Middlesex Town Budget Analysis: FY2011 - FY2024
Overview
Budget Growth vs. Inflation
| Fiscal Year | Budget Increase | CPI* | Context |
|---|---|---|---|
| FY 2017 | 2.06% | 1.3% | Matches inflation |
| FY 2018 | 2.27% | 2.1% | Matches inflation |
| FY 2019 | 5.59% | 2.4% | Wage corrections ($20/hr floor) |
| FY 2020 | 2.36% | 1.8% | Debt retired, back to normal |
| FY 2021 | 11.45% | 1.2% | "Catch-up" for deferred road/wage needs |
| FY 2022 | 4.45% | 4.7% | Below inflation—absorbed via grants |
| FY 2023 | 8.73% | 8.0% | Matches record inflation |
| FY 2024 | 10.24% | 4.1% | New Capital Plan starts |
| FY 2025 | 11.36% | 3.0% (est) | Flood recovery debt |
| FY 2026 | 9.83% | 2.7% (est) | Flood debt continues |
*CPI-U annual averages from Bureau of Labor Statistics.
Three Budget Eras
Phase 1: Fiscal Austerity (FY2015–FY2020)

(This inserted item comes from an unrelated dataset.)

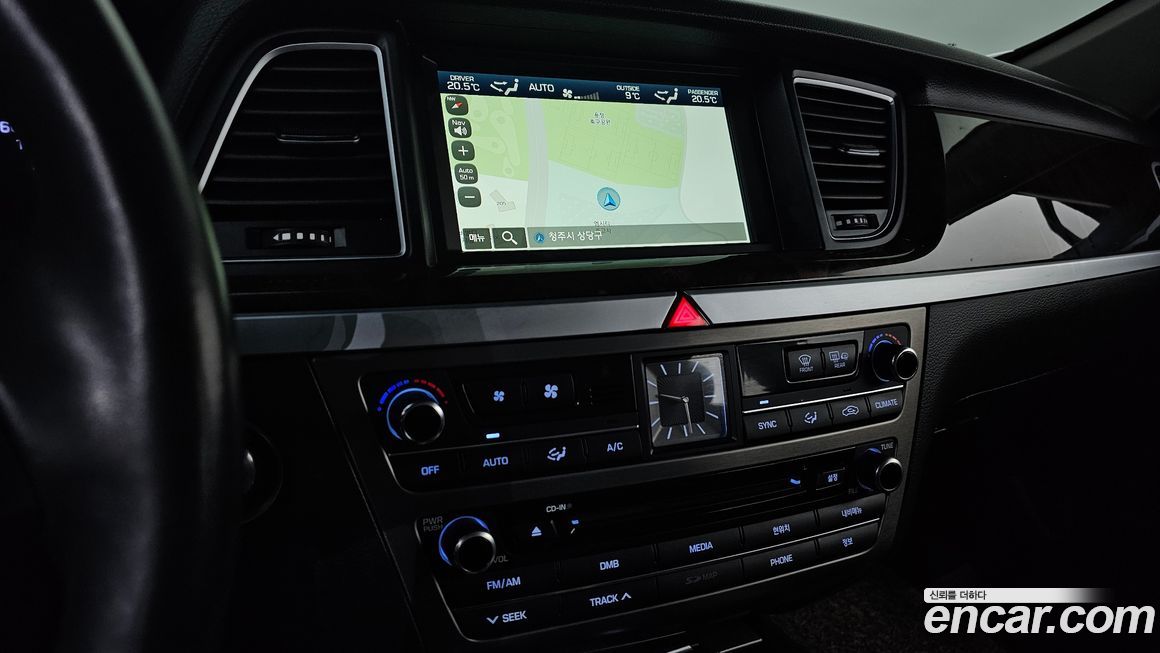 Hyundai Genesis 2015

- Target: 2-3% annual increases
- Method: Deferred maintenance, nominal stipends for elected roles
- Trade-off: Infrastructure and personnel gaps accumulated
Phase 2: Correction (FY2021–FY2022)
- 11.45% increase in FY2021—largest in a decade
- Acknowledged: Severe weather required capital road reconstruction, not patching
- Wages adjusted: Fire stipends increased 500%, part-time floor set at $20/hr
Phase 3: Crisis & Inflation (FY2023–FY2026)
- July 2023 and July 2024 floods caused millions in road damage
- Town paying $60k+ interest on credit lines while awaiting FEMA reimbursement
- State mandates added: town-wide reappraisal, website accessibility, IT modernization
Primary Cost Drivers
1. Personnel Professionalization
- Elected Listers → contracted professional assessors
- New roles added: Recreation Director (FY18), Grants Manager (FY22)
- Highway wages rose 17.3% in FY23 to retain plow drivers
2. Road Resilience
- Shifted from routine grading to climate-resilient infrastructure
- Mud season mitigation: $37,500 line item created in FY24
- Materials inflation: gravel and parts up 50-135% in single years
3. Health Insurance
- Premiums rose 23% (FY26) and 27.9% (FY23)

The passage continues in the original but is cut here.